# Out yards.



## alleyyooper (Apr 22, 2005)

Some people would like to keep bees but due to living in a town or village with a dumb law on the books can't at home that is.
There are a lot of rural folks who would like to have honey bees but do not want the expensive of keeping their own.
Many will allow you to set hives on their property just for some honey. We start with a gallon of honey per ever 3 colonies the least amount we will set on property. We had as high as 25 at the charismas tree farm and the owner said a gallon was plenty of honey for his family just him wife and son who didn't like honey (odd boy). Make sure you can have 24/7/12 access to the property. 
We moved the bees from the Christmas tree farm when the owner pass away and the place was sold. New owners only vacation there a month or two during the summer and no one to watch who was messing with our hives.
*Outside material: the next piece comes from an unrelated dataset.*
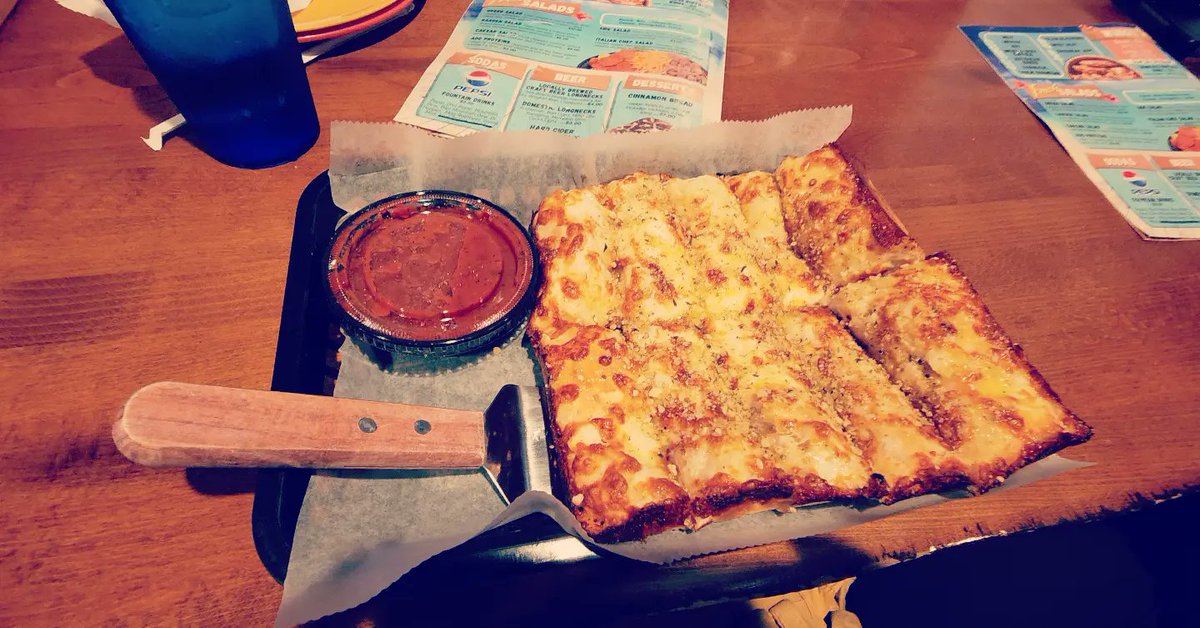 RadTalkinRex's tweet photo. Smells so good! Imma eat it ALL!

#furry #furryfandom #fursona #fursuit #fursuiter #goodtimes #havingfun #havingablast #havingagoodtime #florida #pizza #food #goodeats #delicious #exploring #crosscountry #traveling #travel https://t.co/H4W8y42Oy0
Just lost one yard this spring as the access was thru a vacant property next door to the property where the bees are. The new owners built a home there this fall/winter and will not allow us access any longer. Going to bring them out with a wagon. They are a ways back and it will take several trips.


 Al


----------



## Bret (Oct 3, 2003)

Yes. I would. I want to help the bees, but don't feel ever that I can make the commitment to them with everything I have going.


----------



## alleyyooper (Apr 22, 2005)

There ya'll go if you live in IN. and want a place to keep bees. Contact Bret

 Al


----------